Sunday, August 7, 2011

The Devil's Rock (2011)

It's the night before D-Day. New Zealand commandos Ben Grogan (Craig Hall) and Joe Tane (Karlos Drinkwater) are sneaking onto a Channel Isle close to Guernsey to destroy a German artillery emplacement as part of a plan to distract the enemy military from the actual direction the invasion is going to come from. Or that's what the titles tell us.

It's pretty clear right from the start that Joe isn't long for this world. He talks about his girlfriend a lot, which is nearly as bad as the old "only one week until I retire" routine for a horror movie character. Grogan, for his part, doesn't have problems like this anymore, for he has lost his wife in a German air road on London, and has obviously not gotten over her death. He might even be a bit suicidal.

So it only comes as a mild surprise when Grogan decides to take a look at the source of the female screams coming from the bunker next to the guns, instead of just placing his explosives and be gone.

Inside bunker, something horrible must have happened: there are exceedingly dead German soldiers - most of them mutilated - everywhere. Soon enough, Tane meets the only survivor of the German troops, Colonel Meyer (Matthew Sunderland), who is only to happy to shoot him.

The good Colonel also manages to capture Grogan, but is distracted from his following torture efforts by something or someone he has shackled in another room whom he feeds with body parts. That's enough of a distraction for Grogan to turn the tables on his Nazi counterpart, but a little game of cat and mouse between two soldiers is the least of his and Meyer's problems.

Turns out that Meyer has done what half of all movie Nazis do, and has summoned a succubus from hell to become the Nazi's secret war-winning weapon, without taking into account how enthusiastic demons can get when it comes to their work. The gal from below likes to take on the form of her potential victims' loved ones, so she's going to spend most of the film as Grogan's dead wife Helena (Gina Varela), trying to seduce him into letting her loose.
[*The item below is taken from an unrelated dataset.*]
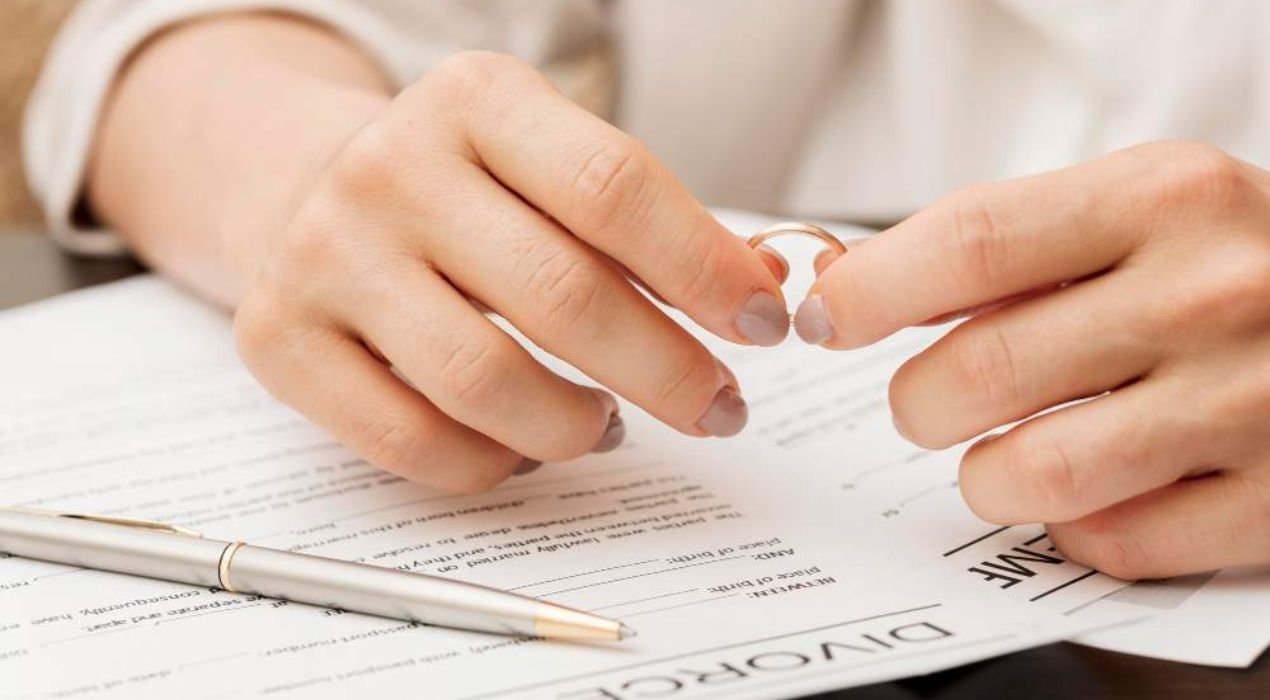 فسخ عقد الزواج من قبل الزوجة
Eventually, Grogan might have to team up with Meyer to send not-Helena back to hell. But is a convinced Nazi really a better partner than a demon?

Often, when special effects people turn to the director's chair, they tend to put a pretty heavy emphasis on the effects side of their movies - that's after all the stuff they know most about - and don't really show all that much interest in the acting or writing side of things.
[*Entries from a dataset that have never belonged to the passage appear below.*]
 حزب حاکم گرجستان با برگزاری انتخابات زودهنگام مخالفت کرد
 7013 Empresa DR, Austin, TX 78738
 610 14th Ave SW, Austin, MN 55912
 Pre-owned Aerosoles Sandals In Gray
Not so in the case of WETA Workshop's Paul Campion (whose fine short film Eel Girl made the rounds some time ago). While Campion's The Devil's Rock has his share of fine make-up effects, and delightfully gruesome looking dead bodies, it is not a film about these effects. In fact, it's not difficult to imagine the movie made under slightly different circumstances and just not containing any effects at all, instead trusting in the solid acting and the equally solid script to convey everything there is to say to its audience. I don't exactly think the effects are superfluous - and I sure as hell wouldn't want to miss the charming head-munching scene late in the movie - I just have the impression that Campion uses them to embellish a straightforward yet effective little story, and not the other way around.

"Straightforward yet effective" does not necessarily mean "original", of course, and all the elements Campion's film is made of are well-used in decades of comic, pulp and movie storytelling (the film itself nods at least in the direction of the Indiana Jones movies, and house favourite Hellboy), some might even say overused. I'm always a bit sceptical when a film goes into a place that has been so often visited as occult Nazi shenanigans, but watching The Devil's Rock, I found myself mostly delighted by the fact that even the hoariest chestnut can still be quite exciting when presented with enough conviction and an eye for the telling detail (even the German used is - for once in an English language film - mostly correct, even though the "Germans" are all clearly no native speakers of the language and have accents as horrible as mine when I'm speaking English).

There's a pleasant sense of (certainly also budget-friendly) minimalism about the film. It features one bunker, three main characters, lots of dead bodies, and the occurrences of a single night, and Campion isn't trying to give his film an "epic dimension" or something in this ruinous vein. The Devil's Rock is a product of classical low budget filmmaking methods of the good sort, where solid technical expertise (in acting, camerawork, editing, and so on) is used to make a film that knows exactly what it is and what it wants to be.